At The Luss House transforms a mid-century architect’s New York home into an immersive art exhibition
Matt Hickman
Over 65 years after architect, sculptor, and furniture designer Gerald Luss completed his family home in the Hudson River town of Ossining, New York, that modernist glass-and-steel house will enjoy a late-in-life moment in the spotlight as the backdrop of a new exhibition showing the work of 18 international artists and designers.
Opening May 7 and on view through July 24, the show, At The Luss House: Blum & Poe, Mendes Wood DM and Object & Thing, is the second in a series of group exhibitions staged at—and responding to—a significant mid-century dwelling (formerly) inhabited by its own architect following last fall’s At The Noyes House. That show, also organized by the galleries Blum & Poe, Mendes Wood DM, and Object & Thing, saw the iconic New Canaan, Connecticut, residence of Eliot Noyes, a noted industrial designer, architect, and member of the Harvard 5, open to the public for the first time.
As was the case with the Noyes House and its architect/inhabitant, Gerald Luss no longer resides in his namesake home, which was built when he was 25 as his first residential project. However, unlike Noyes, who passed away in 1977, Luss is very much alive at 94 and living in Manhattan. He served as a collaborative partner in the exhibition with several of his original designs showing as part At The Luss House including a glass coffee table and chaise lounge along with recently designed timepieces. A permanent fixture of the home, a 12-foot-long sofa that inspired the designs of the sofas at the Time-Life Building in Midtown Manhattan, is also on display.

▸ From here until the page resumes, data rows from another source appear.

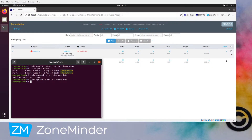Good afternoon and welcome back to ZoneMinder TV. I'm your host, Isaac. Today we're going to be doing a video on adding a local webcam or other V4L capture device to ZoneMinder.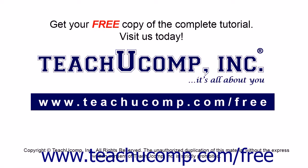Get your free copy of the complete tutorial at www.teachucomp.com forward slash free.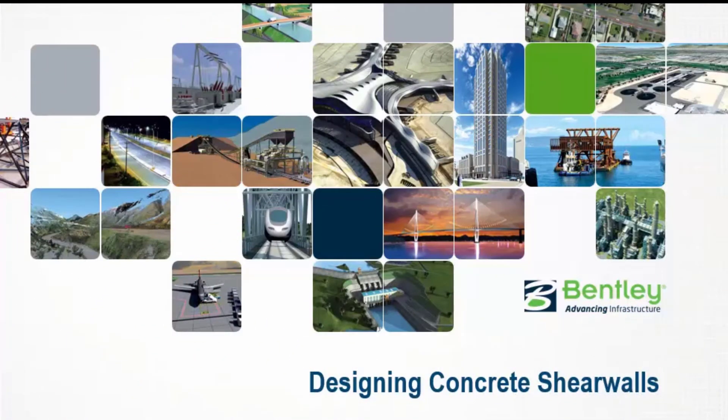Welcome to the Bentley Systems training course where you'll learn how to design concrete shear walls in RAM Concrete.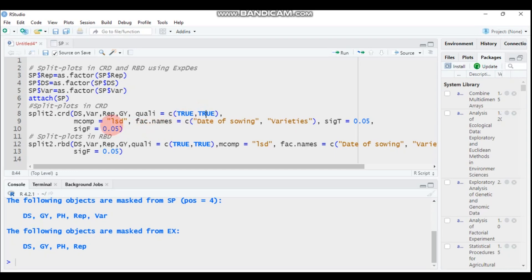The multiple comparison test I'm using for this tutorial is the Least Significant Difference (LSD). You can also change it to Tukey, SNK, or whichever test you prefer.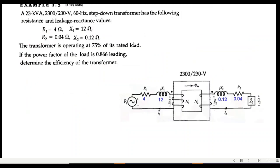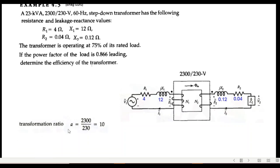The problem: a 23 kVA, 2300/230 V, 60 Hz step-down transformer has the given parameters. The transformer is operating at 75% of rated load. The power factor of the load is 0.866 leading. We need to determine the efficiency of the transformer. First, the turn ratio: primary voltage divided by secondary voltage = 2300/230 = 10.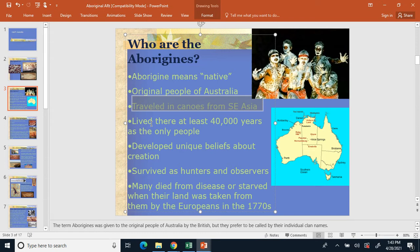The people of Australia got there about 40,000 years ago. Because they developed on an island separate from the major continents of Europe, Asia, and Africa, they developed their own unique beliefs and culture. Their culture did take a heavy hit when Europeans arrived in the 1770s, bringing diseases — very similar to what happened to the Native Americans.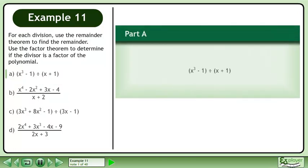For each division, use the remainder theorem to find the remainder. Use the factor theorem to determine if the divisor is a factor of the polynomial.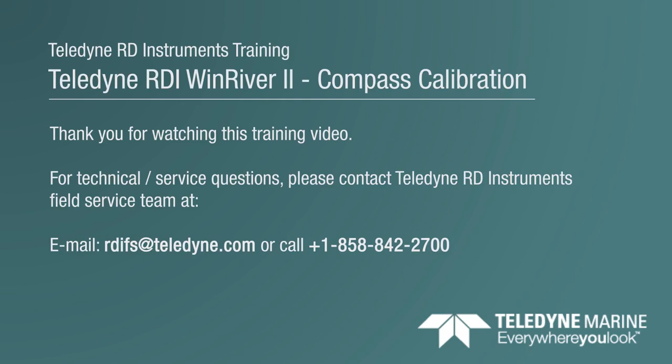Or if you want to email us, our email address is rdifs at teledyne.com. Or you can call us on the telephone 858-842-2700.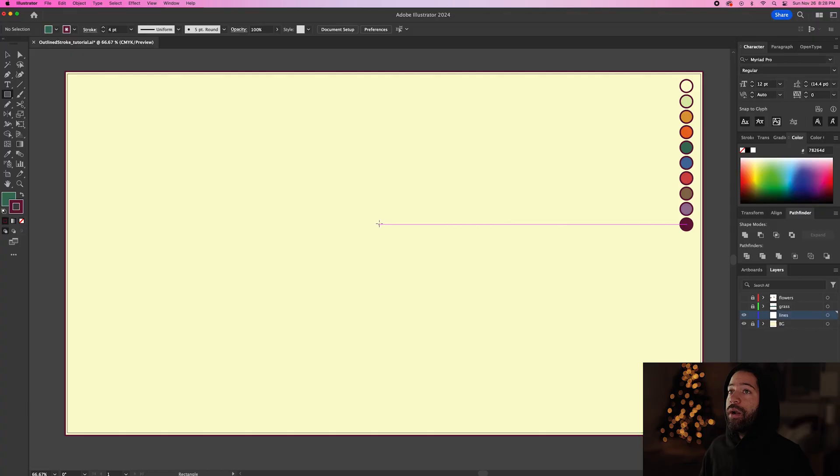Yo, my name is Codie Banks and for today's quick tip I'll be showing you how to add an outline to a stroke in Adobe Illustrator.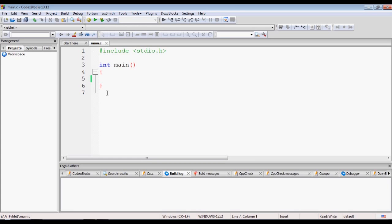Hello friends and welcome to Edupedia World Videos. This is the course 'Basics of Programming in C Language.' In this tutorial we will be learning a little more about file handling. So till now we have covered the basic theoretical portion of file handling and done a few examples of read and write operations. In this tutorial we will be learning about various modes of file operations.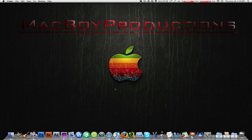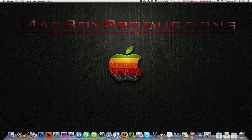What's up everybody, MacBoy here. Today I want to do something different than a tutorial.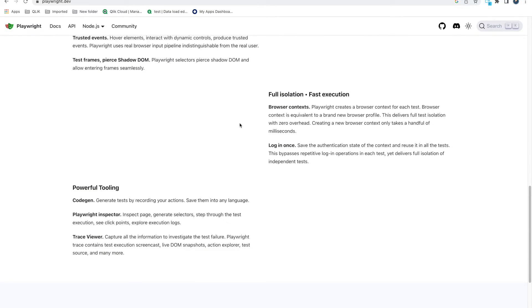It supports full isolation and fast execution with browser context. If you are running multiple sessions or tests in parallel, it runs very fast because it is fully isolated. And login once — you don't need to handle login scenarios explicitly. You just need to log in once and Playwright will take care of the session. Also powerful tooling: it provides a code gen where you can write tests automatically and it will generate the code. Also it has Playwright inspector — you can use the browser inspector if you are comfortable, or you can use Playwright's inspector. Also a trace viewer — if any test got failed, it provides a lot of information about the logs, which DOM got failed, snapshots, videos, and everything.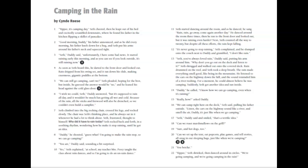Seth climbed into a big rocking chair, crossed his legs and rocked slowly. The chair was Seth's thinking place and he also sat in it whenever he had a lot to think about. Seth, frustrated, thought to himself, why did it have to rain today?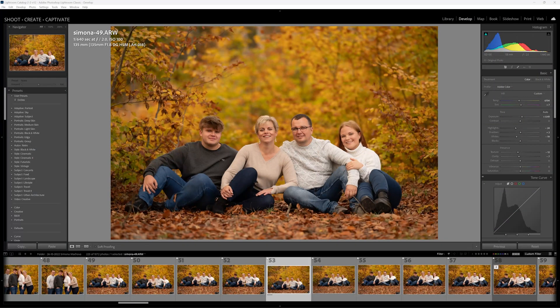Hi there folks, it's Daniel here from Shoot Create Captivate. Today I'm going to be sharing a little tip with regards to fixing up composition on an image.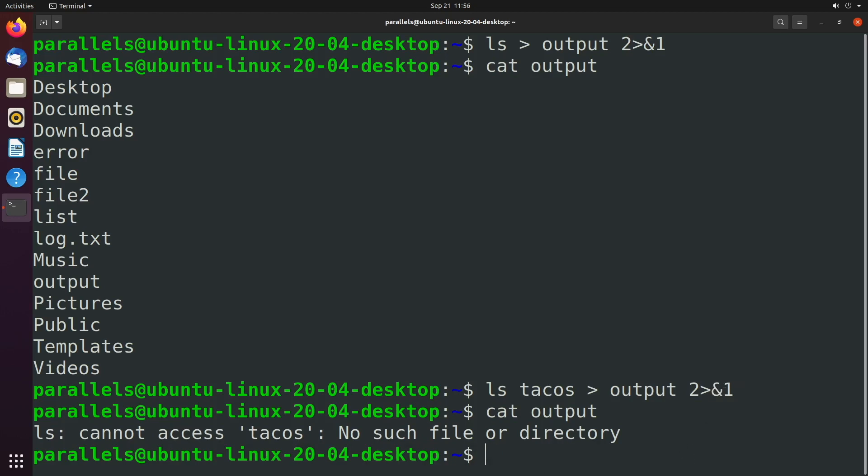So this is a pretty universal way of doing it. There is a better, easier way to do it, but it's not supported on all versions of bash and older versions of Linux.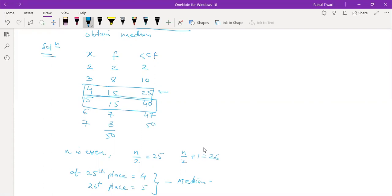At the 25th place we have x = 4, and at the 26th place we have x = 5. Therefore the median becomes (4 + 5) / 2 = 4.5.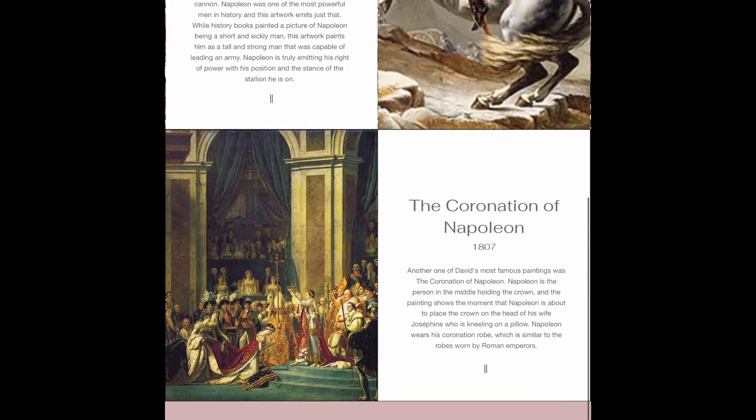The Coronation of Napoleon. Another one of David's most famous paintings is the Coronation of Napoleon. Napoleon is the person in the middle holding the crown, and the painting shows the moment that Napoleon is about to place the crown on the head of his wife, Josephine, who is kneeling on a pillow. Napoleon wears his coronation robe, which is similar to the robes worn by a Roman emperor, which truly emits his power.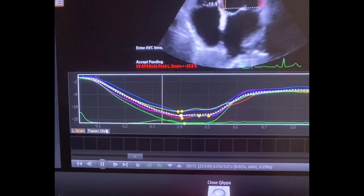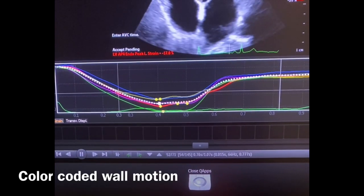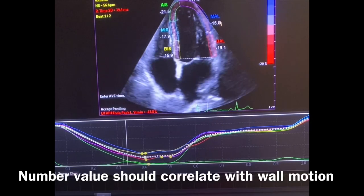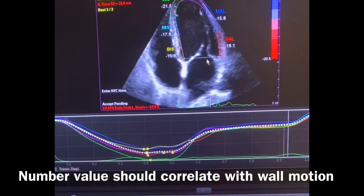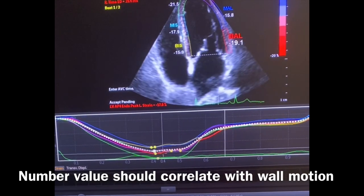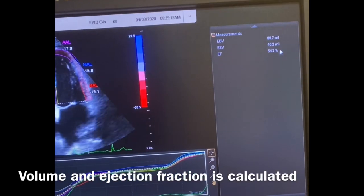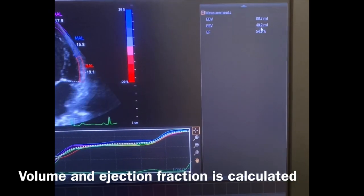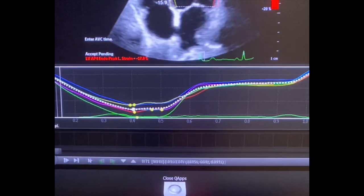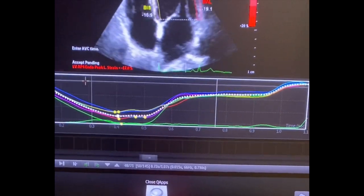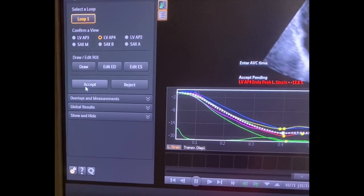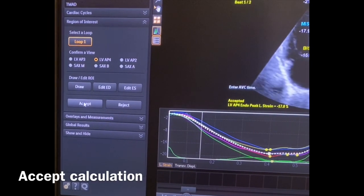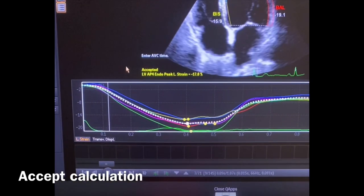All the wall segments are moving. The blue corresponds to the mid-interior lateral wall, and so forth — all of these are color coded. Over here it gives you your EF and your estimated end-diastolic and end-systolic volume. I'm going to accept that because I like it. It's now telling me it's accepted.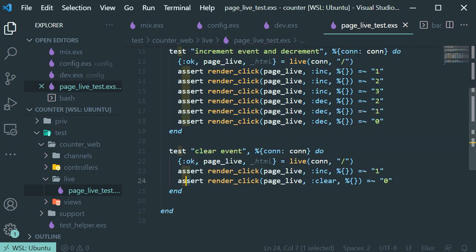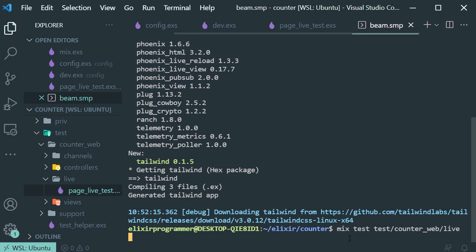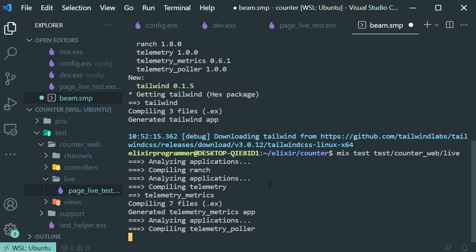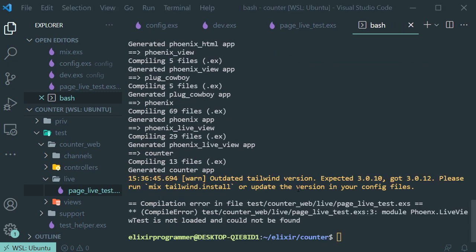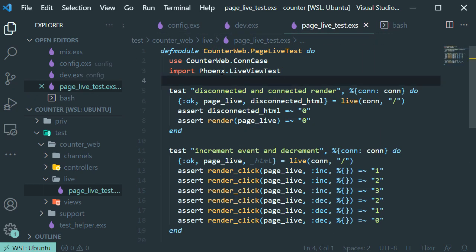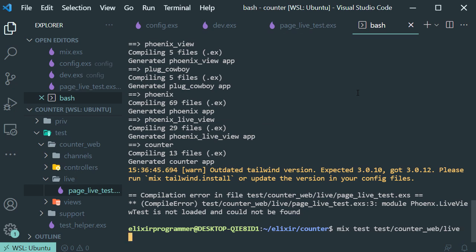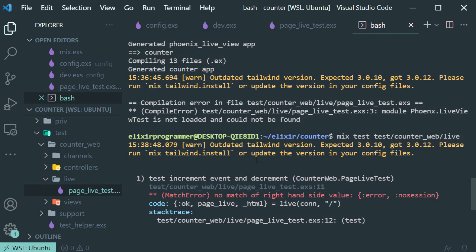Now let's save it. If we go to the terminal and run the tests, they should fail because we haven't done anything yet. It will compile everything before running the tests. We made a mistake — let's go back to our test and fix the misspelled word. Now let's run the test again. You can see our tests are failing because we haven't created the LiveView yet.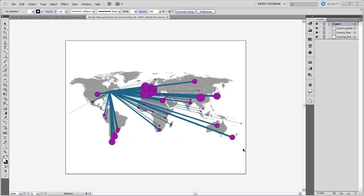In this video, I'll show you how to make proportional symbol maps in Illustrator using an export from ArcMap and from scratch.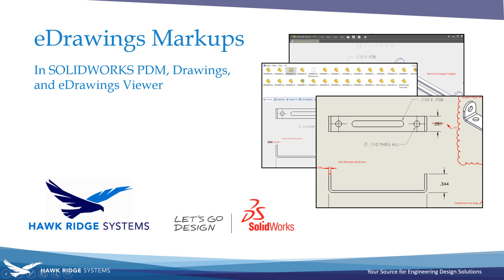Hello everyone, this is Jacob Ames, applications engineer with Hawk Ridge Systems, here with another tech tip for using eDrawings markups inside PDM.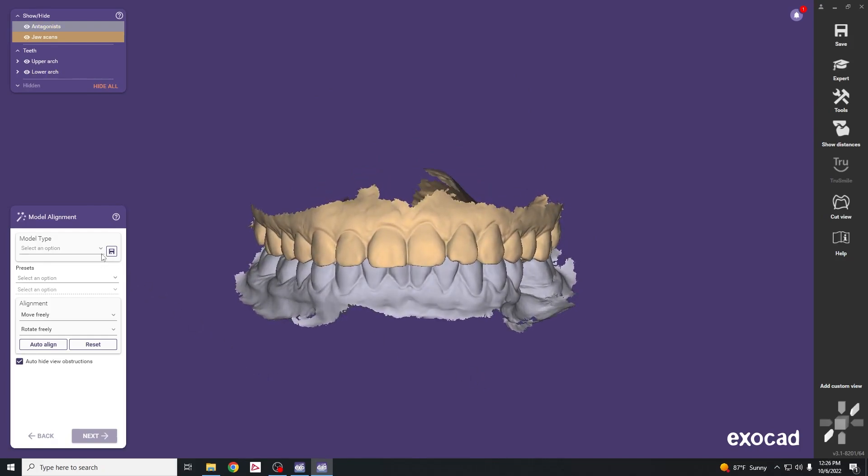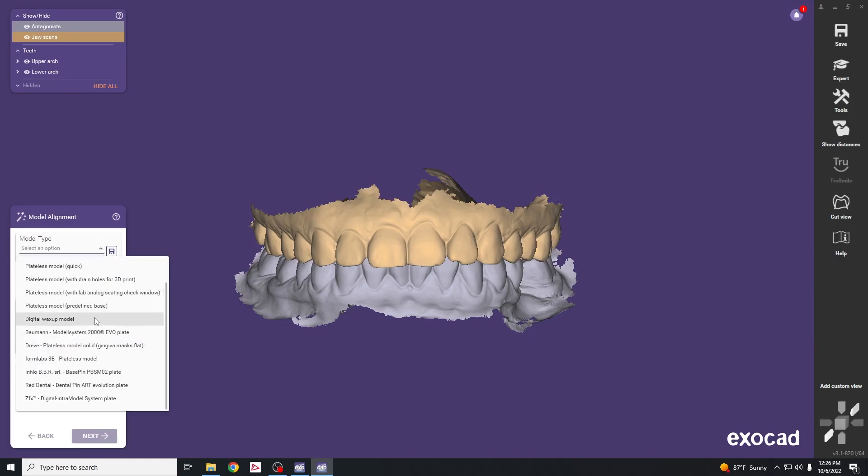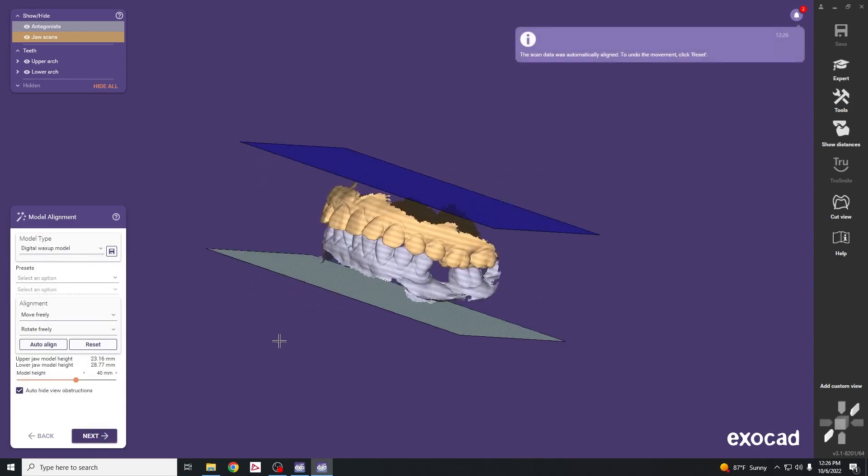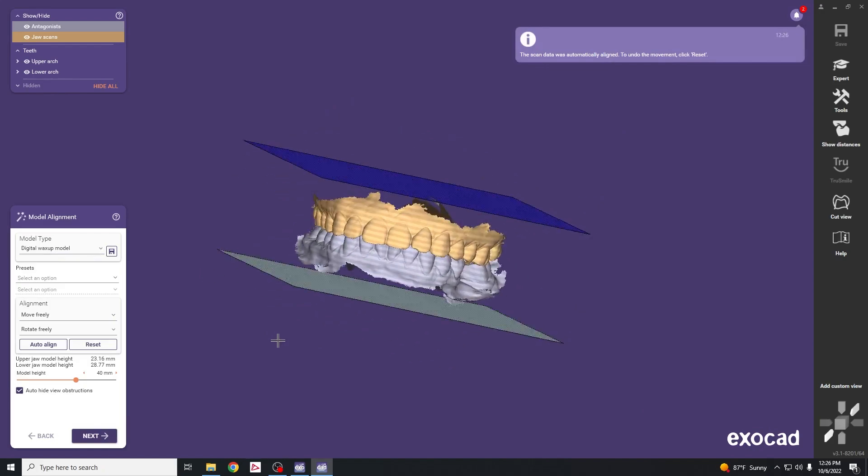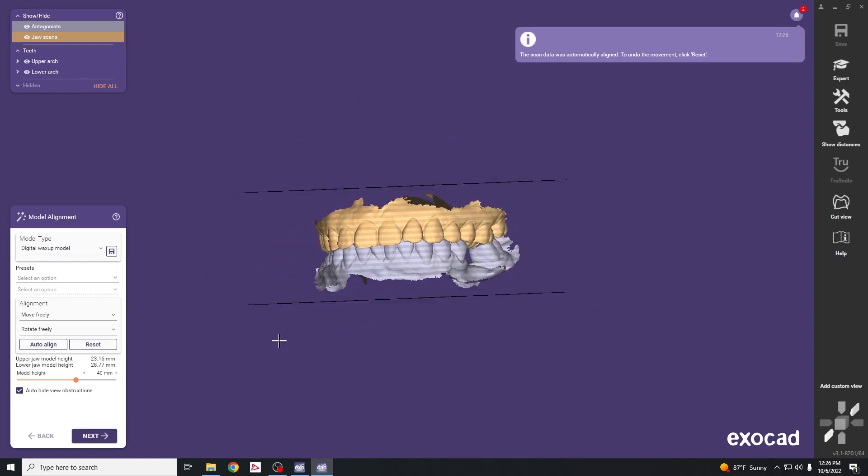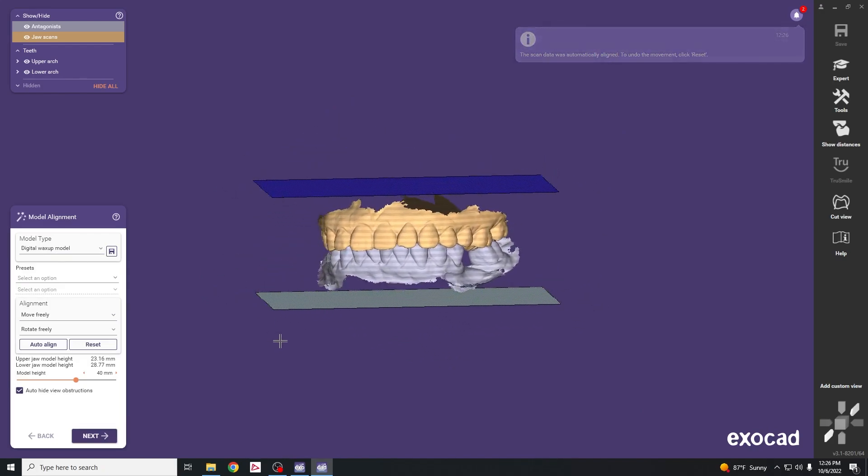The next step is to select model type and we're going to select digital wax up model.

Luss lived at the suburban Westchester County home and commuted into the city while designing the interiors for the Mad Men-famous mid-century skyscraper at Rockefeller Center. According to an exhibition press statement, the home and its bucolic grounds served as a backdrop for countless meetings between Luss and Time-Life staff while the project was underway.
“It is satisfying to have this exhibition infuse new life in the home I designed and built for my family at the onset of my career and to see new generations of artists and designers bring their contemporary perspective into the space,” said Luss. “In my own life, I find it is essential not only to create new work, but to also live among the objects and work of other artists, expanding my vision of the world. I look forward to experiencing how this exhibition casts new light on my former home and sharing in the inspirations for us all.
Joining Luss’s designs—former home included—are new works by artists including Alma Allen, Lucas Arruda, Cecily Brown, Daniel Steegmann Mangrané, Eddie Martinez, Johnny Ortiz, Frances Palmer, Paulo Nazareth, Matt Connors, Tony Lewis, Mimi Lauter, and Paulo Monteiro. Paintings, sculptures, site-specific installations, and a sizable number of ceramics are all on view as part of an exhibition that, per the organizing galleries, “explores the possibilities of connecting today’s artistic ideas with those of past eras through the presentation of contemporary art and design within an architect’s own domestic environment.”
Select works on view also include new paintings created by Brazil’s Marina Perez Simão while in quarantine during the pandemic; five new works by fiber artist Kiva Motnyk created specifically for the Luss House; a site-specific outdoor installation by Japanese sculptor Kishio Suga; Luss-inspired aluminum furnishings by the Brooklyn-based Green River Project LLC; glass sculptures by Ritsue Mishima; and works from Japanese abstract ceramicist Yoichi Shiraishi in his first U.S. showing.
In addition to in-person visits held on Fridays and Saturdays through June 27 (reservations were fully booked after becoming available yesterday but prospective visitors can add their names to the waitlist through each of three organizing galleries’ websites), At The Luss House also includes a virtual component in the form of an “atmospheric video tour” filmed by Michael Biondo and featuring comments from Luss along with curator and writer Glenn Adamson.